Je centrerai mon propos sur l'avenir de la filière de l'aviation de combat, c'est-à-dire sur le nEUROn. J'aborderai également la méthodologie de développement des coopérations européennes, ainsi que les aspects positifs et négatifs de ces dernières.
Dans les années 2000, pour contribuer au développement des bureaux d'étude et de l'avion de combat américain, le Joint Strike Fighter (JSF) développé par Lockheed Martin, les budgets de développement européens ont été sollicités avec force. Cette contribution s'élevait, pour la seule phase de la recherche et développement et de pré-industrialisation, à près de 8 milliards de dollars courants. Selon Richard Aboulafia, analyste des questions aéronautiques, ce projet avait deux objectifs : équiper les forces américaines et tuer l'industrie européenne de l'avion de combat.
Face à cette menace, en 2003, nous avons fait part au ministère de la défense de notre souhait de lancer un programme portant des développements technologiques permettant de maintenir la capacité de la France à développer un avion de combat. La direction générale de l'armement (DGA) et le ministère de la défense nous ont demandé que sa réalisation s'inscrive dans le cadre d'une coopération européenne.
Le pays le plus favorable à une telle coopération était la Suède, qui possédait une industrie aéronautique nationale qui fabriquait alors le Gripen. L'Allemagne, a finalement décliné l'offre, car elle souhaitait une coopération à 50-50 avec la France, tandis que notre pays, qui entendait conserver le leadership du projet, tenait à y avoir une part de 50 %, le reste se partageant entre les autres partenaires.
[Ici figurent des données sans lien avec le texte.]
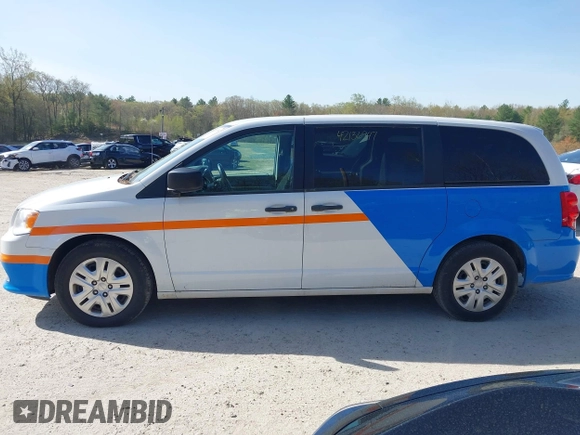 2019 Dodge Grand Caravan SE with VIN 2C4RDGBG8KR646829, listed as a IAAI auction lot 42136947 with 73,015 mi miles and . Bid and sale history available at DreamBid. Image 14.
Le Royaume-Uni a également décliné la proposition, jugeant qu'il convenait de se placer sous le parapluie américain – proposition cohérente avec la contribution de 3,7 milliards de dollars qu'il a apporté au programme du JSF.
L'Italie, l'Espagne, la Suisse et la Grèce ont, en revanche, répondu favorablement.
Dassault a ainsi conclu des accords avec Saab pour la Suède, Finmeccanica-Alenia pour l'Italie, EADS CASA pour l'Espagne, Hellenic Aerospace Industries pour la Grèce et RUAG pour la Suisse.
Ce démonstrateur technologique avait plusieurs ambitions : développer les compétences technologiques critiques à l'aéronautique de combat futur notamment celles liées à la furtivité et au vol non habité ou à l'emport d'armement en soute et mettre en place un laboratoire de coopération européenne selon des méthodologies permettant de maîtriser les coûts. La France assumant le rôle de nation-cadre, la DGA a été désignée comme agence exécutive, pilote du programme, et Dassault reconnu par ses partenaires, en termes de légitimité et de compétences, comme devant être le maître d'oeuvre.
En résumé, le projet du nEUROn poursuivait donc un double objectif : le développement des technologies liées aux drones assurant, outre le pilotage depuis le sol, la discrétion et la capacité de tirer des armes à partir d'une soute intégrée, et la mise en place d'une coopération innovante, avec des partenaires choisis en fonction de leurs compétences et non pas selon des arbitrages politiques.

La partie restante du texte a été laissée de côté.